== ACTIVITY ==
Some entries follow. Reproduce exactly the lines starting at the one with "KIA EV2 Plus" and stopping after the one with "Walther Hammerli Tac".

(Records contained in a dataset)
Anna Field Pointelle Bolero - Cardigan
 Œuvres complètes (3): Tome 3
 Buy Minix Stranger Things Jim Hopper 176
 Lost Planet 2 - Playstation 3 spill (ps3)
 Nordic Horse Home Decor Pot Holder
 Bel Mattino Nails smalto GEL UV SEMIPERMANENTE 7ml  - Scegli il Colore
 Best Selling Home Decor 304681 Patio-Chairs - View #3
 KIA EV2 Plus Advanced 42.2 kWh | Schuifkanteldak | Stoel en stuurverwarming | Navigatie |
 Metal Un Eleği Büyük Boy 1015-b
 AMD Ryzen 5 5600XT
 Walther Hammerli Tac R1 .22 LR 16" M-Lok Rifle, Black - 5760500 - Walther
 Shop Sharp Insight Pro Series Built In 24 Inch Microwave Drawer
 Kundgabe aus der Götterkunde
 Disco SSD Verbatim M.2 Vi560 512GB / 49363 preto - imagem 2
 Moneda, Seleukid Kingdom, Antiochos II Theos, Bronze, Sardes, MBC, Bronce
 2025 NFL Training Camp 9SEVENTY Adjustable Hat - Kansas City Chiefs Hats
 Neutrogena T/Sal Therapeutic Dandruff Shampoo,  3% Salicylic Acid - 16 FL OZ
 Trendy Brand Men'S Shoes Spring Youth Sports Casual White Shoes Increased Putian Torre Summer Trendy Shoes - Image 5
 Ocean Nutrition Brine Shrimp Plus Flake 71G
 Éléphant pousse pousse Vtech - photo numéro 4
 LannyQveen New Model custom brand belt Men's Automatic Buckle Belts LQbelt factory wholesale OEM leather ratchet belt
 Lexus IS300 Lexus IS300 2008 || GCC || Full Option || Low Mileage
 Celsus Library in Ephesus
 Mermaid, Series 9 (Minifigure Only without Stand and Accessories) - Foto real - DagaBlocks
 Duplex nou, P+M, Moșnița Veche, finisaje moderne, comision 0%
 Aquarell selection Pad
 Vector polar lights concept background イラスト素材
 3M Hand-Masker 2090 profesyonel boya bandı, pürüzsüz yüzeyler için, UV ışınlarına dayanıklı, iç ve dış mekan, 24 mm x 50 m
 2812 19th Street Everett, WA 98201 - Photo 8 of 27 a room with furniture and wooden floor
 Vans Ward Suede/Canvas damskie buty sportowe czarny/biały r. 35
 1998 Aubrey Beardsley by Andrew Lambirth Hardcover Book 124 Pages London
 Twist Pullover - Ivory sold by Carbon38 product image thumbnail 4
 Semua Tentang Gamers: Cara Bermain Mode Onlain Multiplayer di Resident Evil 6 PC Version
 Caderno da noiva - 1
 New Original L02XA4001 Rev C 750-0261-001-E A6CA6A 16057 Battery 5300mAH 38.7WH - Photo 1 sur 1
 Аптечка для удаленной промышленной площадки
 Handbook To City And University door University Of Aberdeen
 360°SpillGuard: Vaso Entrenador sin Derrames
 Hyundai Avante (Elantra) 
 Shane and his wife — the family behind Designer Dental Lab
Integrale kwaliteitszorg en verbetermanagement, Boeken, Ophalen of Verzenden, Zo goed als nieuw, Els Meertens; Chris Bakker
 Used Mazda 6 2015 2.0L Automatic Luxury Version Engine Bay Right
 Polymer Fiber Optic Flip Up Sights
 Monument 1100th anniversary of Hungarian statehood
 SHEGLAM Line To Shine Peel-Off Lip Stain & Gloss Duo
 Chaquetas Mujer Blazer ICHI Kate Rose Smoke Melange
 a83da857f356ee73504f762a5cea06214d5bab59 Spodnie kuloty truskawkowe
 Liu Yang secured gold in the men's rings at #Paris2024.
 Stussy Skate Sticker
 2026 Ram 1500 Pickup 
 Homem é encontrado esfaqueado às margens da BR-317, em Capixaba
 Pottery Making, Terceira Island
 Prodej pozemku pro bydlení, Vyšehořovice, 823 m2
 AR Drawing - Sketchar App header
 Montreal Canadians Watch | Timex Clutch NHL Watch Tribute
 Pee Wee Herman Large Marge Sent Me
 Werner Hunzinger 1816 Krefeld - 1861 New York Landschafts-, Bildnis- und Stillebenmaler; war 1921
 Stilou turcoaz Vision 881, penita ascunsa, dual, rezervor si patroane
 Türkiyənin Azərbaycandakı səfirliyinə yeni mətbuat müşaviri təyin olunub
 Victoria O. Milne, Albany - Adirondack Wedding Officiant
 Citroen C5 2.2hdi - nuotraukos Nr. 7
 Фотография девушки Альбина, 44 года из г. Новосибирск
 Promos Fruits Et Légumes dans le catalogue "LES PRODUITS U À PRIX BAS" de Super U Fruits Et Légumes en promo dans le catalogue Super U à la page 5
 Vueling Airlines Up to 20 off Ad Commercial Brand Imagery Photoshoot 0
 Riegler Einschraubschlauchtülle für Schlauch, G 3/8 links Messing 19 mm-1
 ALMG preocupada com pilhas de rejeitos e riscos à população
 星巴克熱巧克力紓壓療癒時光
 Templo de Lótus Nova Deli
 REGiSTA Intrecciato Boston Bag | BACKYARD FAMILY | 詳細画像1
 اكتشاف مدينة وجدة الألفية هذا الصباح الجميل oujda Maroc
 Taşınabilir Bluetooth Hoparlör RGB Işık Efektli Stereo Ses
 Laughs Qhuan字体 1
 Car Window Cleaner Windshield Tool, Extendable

== THE COMPLETED TASK ==
 KIA EV2 Plus Advanced 42.2 kWh | Schuifkanteldak | Stoel en stuurverwarming | Navigatie |
 Metal Un Eleği Büyük Boy 1015-b
 AMD Ryzen 5 5600XT
 Walther Hammerli Tac R1 .22 LR 16" M-Lok Rifle, Black - 5760500 - Walther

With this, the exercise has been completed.